Protestors delivered the prescribed pills by air from the south to the north of Ireland, in an act of defiance against the ‘draconian’ laws surrounding abortion access
Yesterday saw pro-choice activists fly abortion pills into Northern Ireland using a drone, in protest against the country’s strict laws around abortion access.
The drone flew from the Republic of Ireland to Narrow Water Castle near Newry in Northern Ireland. Action was organized by Alliance for Choice; Rosa; Labour Alternative, the Abortion Rights Campaign; Youth Coalition for Sexual and Reproductive Rights and Women on Waves.
The medicine delivered on the drone was mifepristone, which is listed as an essential medicine by the World Health Organisation as of 2005.
Abortion is extremely restricted on both sides of the Irish border, with the medical practice only available if women meet the criteria for serious and long-term risk to mental or physical health. Women across the country, from north to south, are forced to travel to places like England to access a safe abortion. Unlike English women, they can't receive one on the NHS, meaning the costs of travel, accommodation and the actual procedure run into the high hundreds for over 4,000 women every year. It's obviously a dilapidating and exhaustive process, financially, emotionally and physically. All for something that comes under a woman's right to choose what to do with her own body.
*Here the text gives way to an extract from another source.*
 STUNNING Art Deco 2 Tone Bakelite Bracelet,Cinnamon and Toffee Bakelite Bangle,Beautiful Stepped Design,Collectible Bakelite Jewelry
In April, a woman in Belfast who procured abortion pills to induce a miscarriage online was handed a suspended sentence. Local women’s groups called it an example of NI’s “draconian” rule on women’s bodily autonomy. And just this month, a UN committee ruled that the Republic of Ireland’s abortion laws violated women’s fundamental rights.
Courtney Robinson, 18, took the pills that arrived by drone in an act of protest. She said: “I took the pills to counter the lies of anti-choice groups and some politicians that these pills aren’t safe. They’re approved by the World Health Organisation and they’re used all over Europe, and yet women (in Northern Ireland) are being prosecuted for taking them... This is an act of solidarity with them. As long as politicians in Stormont and the Dail continue to ignore human rights, we aren’t going to stop.”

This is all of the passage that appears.